Students were not the only ones to go deeper into debt. So did schools, building lavish residence halls, recreational facilities and other amenities that contributed little to actual learning. The debt taken on by colleges has risen 88 percent since 2001, to $307 billion.
This heady period of growth occurred precisely when colleges had the financial flexibility to prepare for what was to come: fewer government dollars, a wave of financially needy students, a drop-off in the number of well-prepared high-school graduates who could afford to pay, and, of course, technological advances in teaching and learning. Instead, colleges continued to focus on their unsustainable model, assuming little would change.
Other information industries, from journalism to music to book publishing, enjoyed similar periods of success right before epic change enveloped them, seemingly overnight. We now know how those industries have been transformed by technology, resulting in the decline of the middleman — newspapers, record stores, bookstores and publishers.
Colleges and universities could be next, unless they act to mitigate the poor choices and inaction from the lost decade by looking for ways to lower costs, embrace technology and improve education.
One urgent need is to make better use of technology in the classroom. Despite resistance to the idea from academics, evidence suggests that technology can reduce costs, improve student performance and even tailor learning to individual students. The nonprofit National Center for Academic Transformation has redesigned courses on more than 200 campuses, cutting costs by an average of 37 percent, by using instructional software to reduce burdens on professors, frequent low-stakes online quizzes to gauge student progress, and alternative staffing (like undergraduate peer mentors).
Schools should also offer more online education. In just the past few months, several elite universities, including Stanford and Harvard, have announced multimillion-dollar efforts to provide several of their courses free, online, for everyone. Individual colleges should take advantage of this trend, perhaps ultimately shedding their lowest-quality courses (and their costs) and replacing them with the best courses offered by other institutions through loose federations or formal networks. This is the idea behind the New Paradigm Initiative, a group of 16 liberal-arts colleges in the South that have joined together to offer online and hybrid courses to students on any campus in the group.
Another key reform would be to reclaim academics as a top priority. Administrative expenses have grown faster than instruction on many campuses. In 2009, the consulting firm Bain & Company identified $112 million in annual savings just within the business operations at the University of California, Berkeley.
Academia also needs to cut back on low-quality graduate programs. Too many universities tried to become research institutions during the lost decade, adding graduate programs and research faculty, often using tuition dollars to finance their expansions. Today, too many of these programs remain far short of their goals, and their ambitions have come at a great cost to their core mission of educating undergraduates (as well as producing many dropouts and unemployed Ph.D.’s).

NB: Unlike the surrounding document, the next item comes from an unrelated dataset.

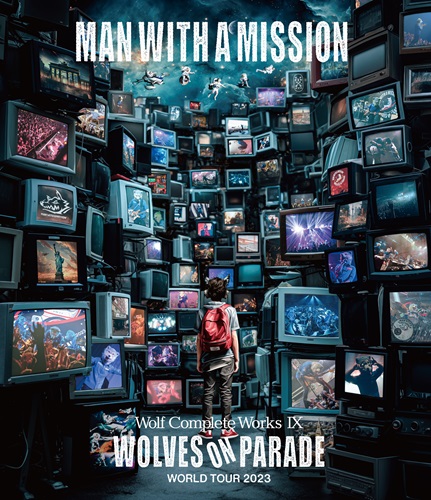 MAN WITH A MISSION / マン・ウィズ・ア・ミッション / Wolf Complete Works IX ~WOLVES ON PARADE~ World Tour 2023 (Blu-ray)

Finally, colleges should work to reduce the number of wasted credits. Most students take far more than the 120 credits required for a bachelor’s degree, partly because of poor advising and partly because colleges often refuse to accept credits from other institutions or for “prior learning.” Yet one-third of students today transfer from one college to another before earning a degree. Colleges make transferring credits difficult, often in the name of protecting academic quality, when often they are simply protecting their bottom line.
Higher education is a conservative, risk-averse industry. Add to this the fact that a majority of its leaders are nearing the safety net of retirement, and we have a recipe for the status quo. We can’t afford another lost decade.
Jeff Selingo, editorial director at The Chronicle of Higher Education, is writing a book on the future of higher education.